Excerpts from a dataset:
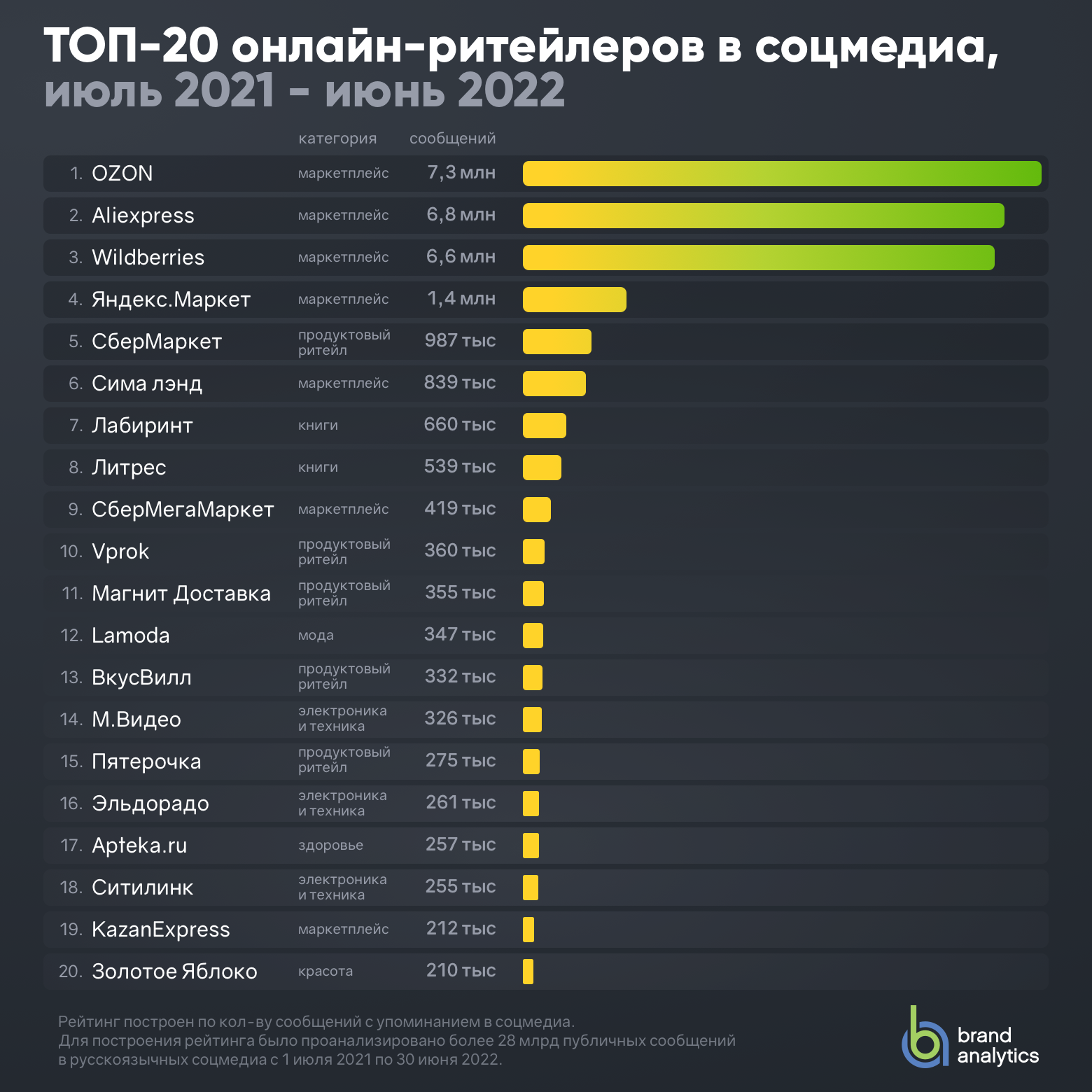 Топ-10 сериалов сентября 2021 - премьер - cadelta.ru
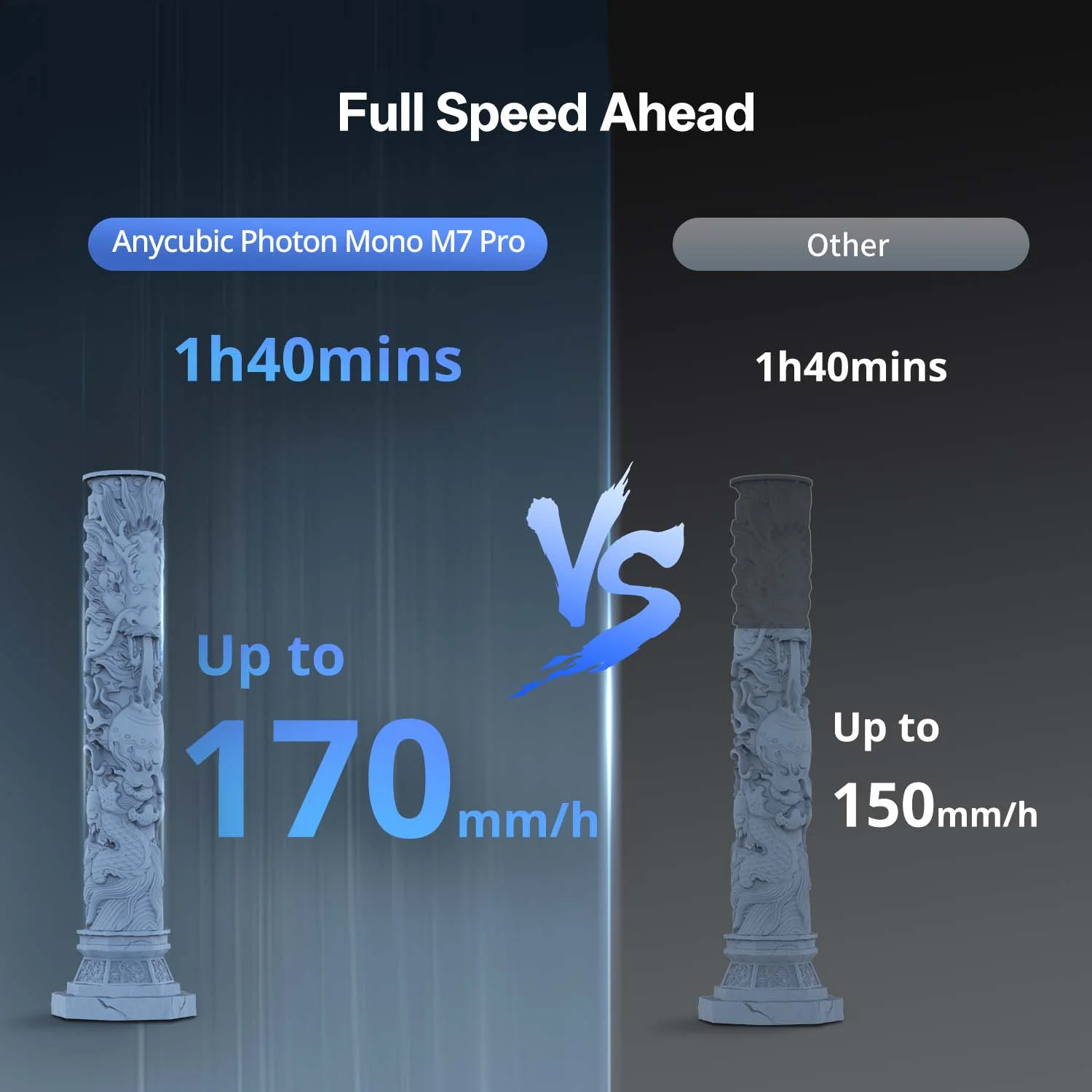 Anycubic Photon Mono M7 Pro - Image 5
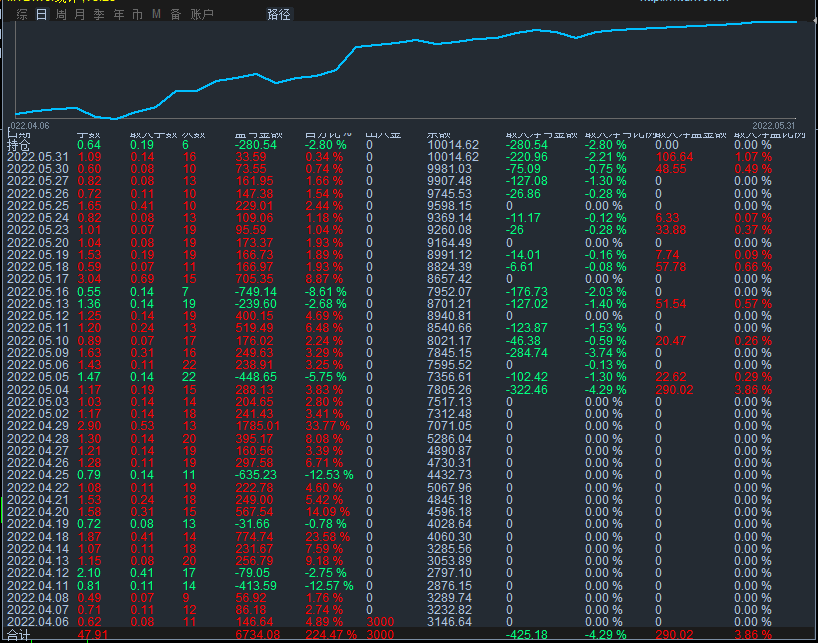 暴利黄金.gif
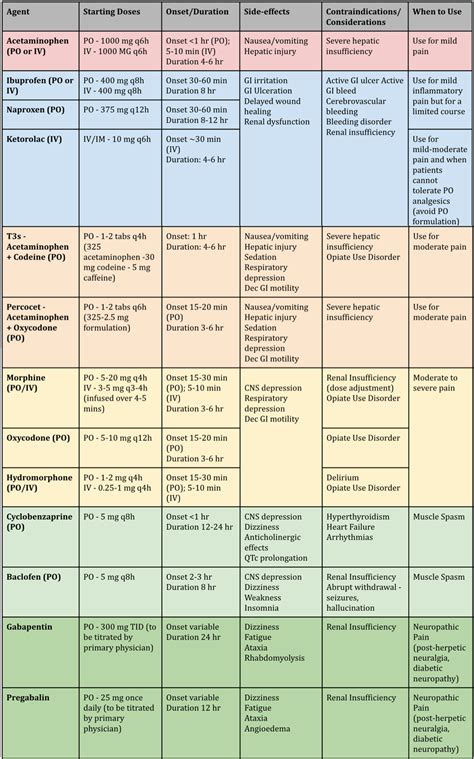 Pain Medication Strength Chart | SexiezPicz Web Porn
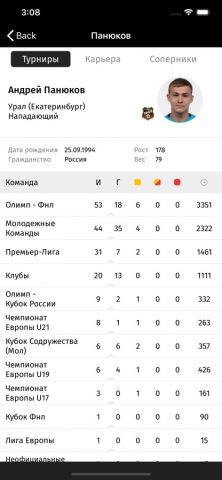 Мой футбол РПЛ для iOS — скриншот 5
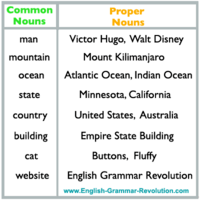 Proper Nouns - Class 6 - Quizizz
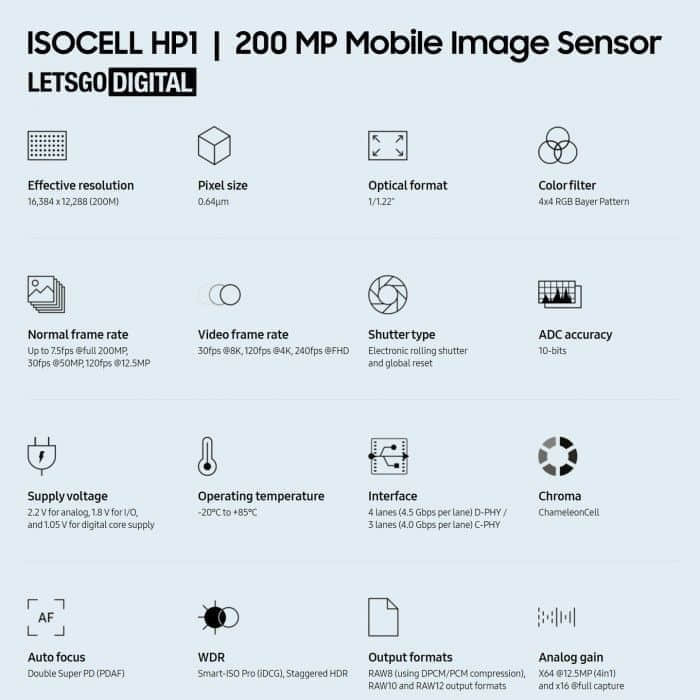 三星推出ISOCELL GN5与HP1高端移动图像传感器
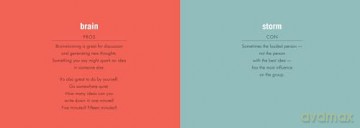 Your Idea Starts Here: 77 Mind-Expanding Ways to Unleash Your Creativity - Carolyn Eckert [KSIĄŻKA]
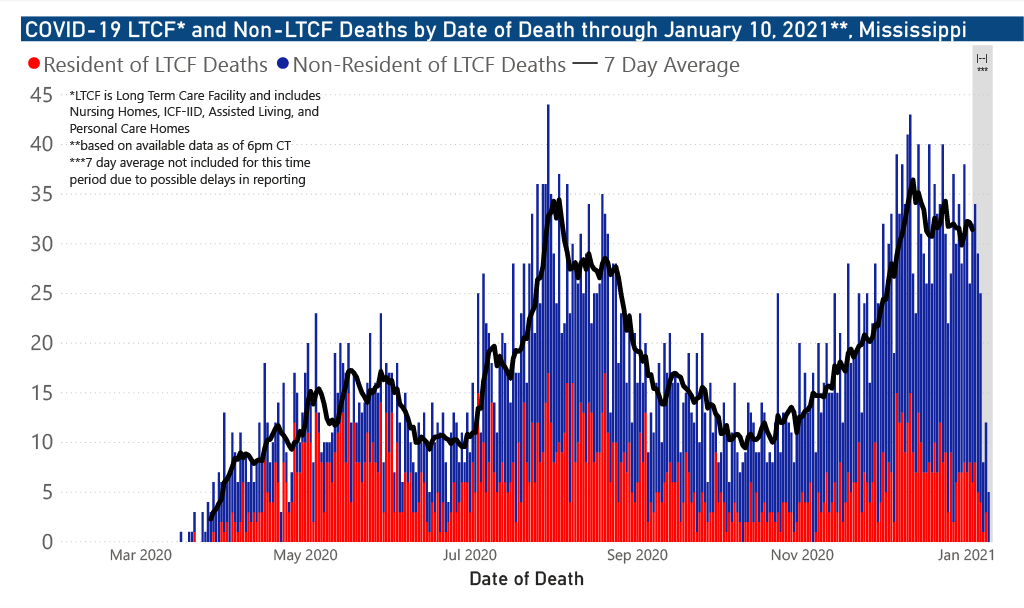 chart of COVID-19 related deaths by date of occurrence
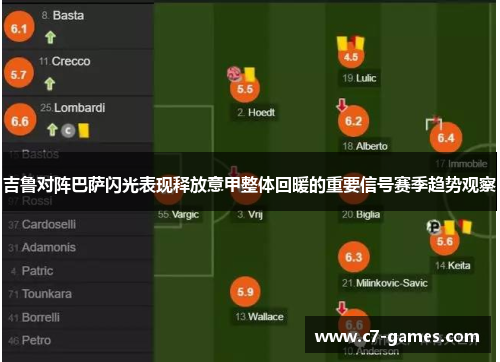 吉鲁对阵巴萨闪光表现释放意甲整体回暖的重要信号赛季趋势观察
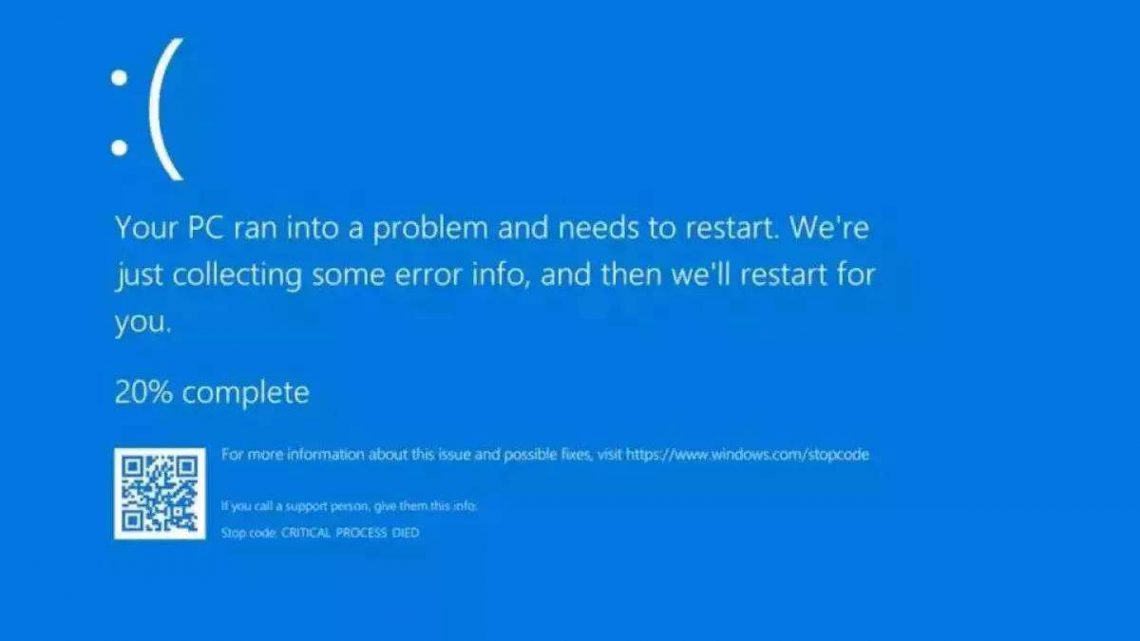 Microsoft Global Outage 2024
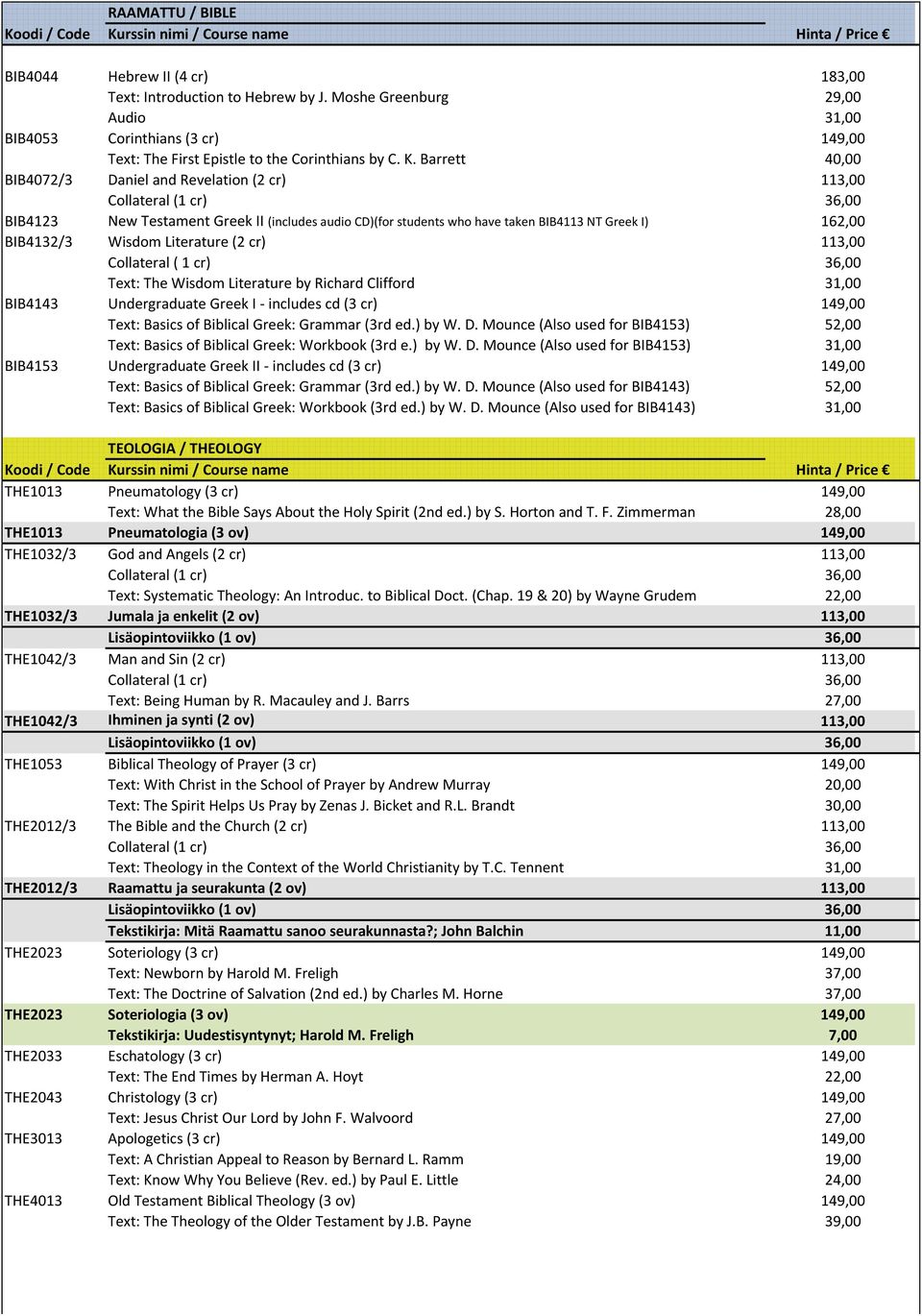 cr) 113,00 Collateral ( 1 cr) 36,00 Text: The Wisdom Literature by Richard Clifford 31,00 BIB4143 Undergraduate Greek I - includes cd (3 cr) 149,00 Text: Basics of Biblical Greek: Grammar (3rd ed.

Required action
The response has to be an exact copy of all the data, pictures excluded.

Exercise answer
 Топ-10 сериалов сентября 2021 - премьер - cadelta.ru
 Anycubic Photon Mono M7 Pro - Image 5
 暴利黄金.gif
 Pain Medication Strength Chart | SexiezPicz Web Porn
 Мой футбол РПЛ для iOS — скриншот 5
 Proper Nouns - Class 6 - Quizizz
 三星推出ISOCELL GN5与HP1高端移动图像传感器
 Your Idea Starts Here: 77 Mind-Expanding Ways to Unleash Your Creativity - Carolyn Eckert [KSIĄŻKA]
 chart of COVID-19 related deaths by date of occurrence
 吉鲁对阵巴萨闪光表现释放意甲整体回暖的重要信号赛季趋势观察
 Microsoft Global Outage 2024
 cr) 113,00 Collateral ( 1 cr) 36,00 Text: The Wisdom Literature by Richard Clifford 31,00 BIB4143 Undergraduate Greek I - includes cd (3 cr) 149,00 Text: Basics of Biblical Greek: Grammar (3rd ed.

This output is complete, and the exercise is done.